As the dark days of winter hang on seemingly forever, bringing chilly winds and snowstorms to many parts of the U.S., taking some time off to escape to warmer climes is surely looking like a good option. But what if employees could take all of the time off they wanted to jet off to a tropical island or just hang out in their well-heated homes? Some companies, particularly in the tech sector, have policies that give employees unlimited vacation—a proposition that can be both a big draw and a potential danger.
Unlimited vacation sounds like a great way to boost employee morale—and it can be—but it’s not the right policy for every company and every employee, according to Jurate Schwartz of Proskauer Rose’s employment law counseling and training practice.
There are several benefits, both from the employer and employee perspective, to making vacation unlimited. Giving workers this kind of authority can engender the feeling that their employer respects their judgment. “Employees feel trusted, and that’s huge,” Schwartz told CorpCounsel.com. “Going to a workplace where you know that you are given this right to exercise your discretion in when and how much time you will take off—it’s a huge recruiting tool, it’s helpful to attract excellent talent,” she said.
An unlimited vacation policy, she added, can also be quite helpful in jurisdictions where employers are required to pay employees for their unused accrued vacation time after employment is terminated. With no set amount of vacation time, there will be no need to hand employees another check as they walk out the door.
Not many companies currently have these types of policies. Statistics from the Society for Human Resource Management (SHRM) show that in 2013 only 1 percent of U.S. companies offered workers unlimited vacation.

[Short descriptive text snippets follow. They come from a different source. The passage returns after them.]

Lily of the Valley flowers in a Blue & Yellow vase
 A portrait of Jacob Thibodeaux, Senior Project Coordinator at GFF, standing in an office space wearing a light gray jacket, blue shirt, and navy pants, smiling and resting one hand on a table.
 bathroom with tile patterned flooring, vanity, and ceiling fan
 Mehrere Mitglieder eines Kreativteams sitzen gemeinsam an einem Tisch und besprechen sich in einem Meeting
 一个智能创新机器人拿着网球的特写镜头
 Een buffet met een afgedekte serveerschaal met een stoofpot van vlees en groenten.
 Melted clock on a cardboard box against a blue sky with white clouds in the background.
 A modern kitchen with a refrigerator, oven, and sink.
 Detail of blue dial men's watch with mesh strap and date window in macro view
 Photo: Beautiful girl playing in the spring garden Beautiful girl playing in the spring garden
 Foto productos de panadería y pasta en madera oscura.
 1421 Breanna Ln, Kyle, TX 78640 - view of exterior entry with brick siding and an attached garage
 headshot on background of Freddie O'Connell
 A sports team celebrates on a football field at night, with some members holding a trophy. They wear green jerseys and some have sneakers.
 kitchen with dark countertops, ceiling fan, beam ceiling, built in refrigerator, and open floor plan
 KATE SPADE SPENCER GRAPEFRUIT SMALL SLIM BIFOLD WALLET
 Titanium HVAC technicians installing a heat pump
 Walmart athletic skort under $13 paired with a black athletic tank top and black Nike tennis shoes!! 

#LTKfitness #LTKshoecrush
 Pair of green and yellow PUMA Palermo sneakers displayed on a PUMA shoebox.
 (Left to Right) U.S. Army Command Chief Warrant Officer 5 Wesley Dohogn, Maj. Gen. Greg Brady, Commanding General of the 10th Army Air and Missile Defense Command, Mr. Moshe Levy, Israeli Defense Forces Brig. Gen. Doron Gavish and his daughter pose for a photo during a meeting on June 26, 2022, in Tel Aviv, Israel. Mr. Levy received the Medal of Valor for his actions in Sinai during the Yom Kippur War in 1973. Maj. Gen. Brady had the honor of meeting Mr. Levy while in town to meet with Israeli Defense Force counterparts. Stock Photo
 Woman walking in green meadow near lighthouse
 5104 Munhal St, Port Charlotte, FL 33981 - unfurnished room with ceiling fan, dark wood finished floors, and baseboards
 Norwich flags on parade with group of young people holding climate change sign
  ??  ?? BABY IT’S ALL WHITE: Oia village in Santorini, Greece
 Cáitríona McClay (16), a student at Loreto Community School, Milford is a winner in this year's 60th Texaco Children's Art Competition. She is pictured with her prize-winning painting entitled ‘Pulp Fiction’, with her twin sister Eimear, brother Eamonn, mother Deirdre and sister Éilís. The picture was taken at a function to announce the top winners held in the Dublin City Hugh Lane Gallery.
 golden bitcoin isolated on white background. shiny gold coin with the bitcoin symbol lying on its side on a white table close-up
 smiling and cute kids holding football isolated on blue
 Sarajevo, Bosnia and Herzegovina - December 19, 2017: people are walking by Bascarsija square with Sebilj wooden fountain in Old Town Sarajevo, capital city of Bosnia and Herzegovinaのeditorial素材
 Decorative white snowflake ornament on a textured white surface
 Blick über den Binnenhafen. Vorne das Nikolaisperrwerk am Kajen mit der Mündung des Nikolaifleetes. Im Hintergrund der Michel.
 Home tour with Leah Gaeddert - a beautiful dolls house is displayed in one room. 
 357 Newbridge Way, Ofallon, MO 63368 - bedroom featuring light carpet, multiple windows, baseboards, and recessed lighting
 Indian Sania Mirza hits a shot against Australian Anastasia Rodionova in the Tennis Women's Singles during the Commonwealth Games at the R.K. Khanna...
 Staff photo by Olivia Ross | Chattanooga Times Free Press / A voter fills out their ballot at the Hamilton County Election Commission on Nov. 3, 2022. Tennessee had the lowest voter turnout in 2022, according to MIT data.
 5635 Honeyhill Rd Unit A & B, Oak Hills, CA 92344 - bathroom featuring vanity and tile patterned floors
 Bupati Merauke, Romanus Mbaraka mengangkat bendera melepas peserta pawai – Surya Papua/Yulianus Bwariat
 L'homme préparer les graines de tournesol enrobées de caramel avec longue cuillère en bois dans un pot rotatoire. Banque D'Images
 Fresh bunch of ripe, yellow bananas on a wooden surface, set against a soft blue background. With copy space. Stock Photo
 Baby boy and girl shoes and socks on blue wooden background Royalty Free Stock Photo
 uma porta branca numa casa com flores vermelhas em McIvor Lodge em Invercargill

Schwartz said she believes unlimited vacation is only really suitable in “limited environments,” where work is project-based, employees are exempt under the Fair Labor Standards Act and workers have enough to do that they can’t achieve it all if they take too much time off. For example, the policy could work well for software engineers who could opt to take an unlimited vacation after they finish a program for a client or perhaps a salesperson might be able to get away for an unlimited time after he or she has met a required sales quota.
It also helps, Schwartz explained, if the workers do a lot of their tasks independently. “Where you have a team working together or where productivity is driven in a different way, these policies might not work,” she said. Clearly, if one team member is sunbathing in the Caribbean, while his or her counterparts are working hard on a group task at headquarters, there could be trouble ahead.
For in-house counsel and the human resources team, there are a few caveats to consider when drafting and enforcing an unlimited vacation policy. According to Schwartz, although it’s rare that an employee uses bad judgment and abuses the privilege, it’s still important to keep some ground rules in place.
“You can’t just wake up in the morning and say: ‘I’ll show up when I feel like it,’” Schwartz said. Employees should still be required to ask permission from HR or their supervisor to take vacation, and there should be standards as to how far in advance the request is filed.
In addition, she advises that employers make sure the unlimited vacation policy says that “time off is subject to the employee accomplishing professional responsibilities.” If the company or a client needs the employee to stick around the office, they should.
Adopters of the unlimited vacation policy should also be wary of the potential for disparate-treatment claims, particularly, if the work employees are doing is not project-based. “If you have no cap on the days, and one employee gets a month off but then another one, due to schedule or workload, is not allowed to take an entire month off and gets two weeks, then there could be a claim of disparate treatment, especially if the employee is of a different demographic characteristic,” noted Schwartz.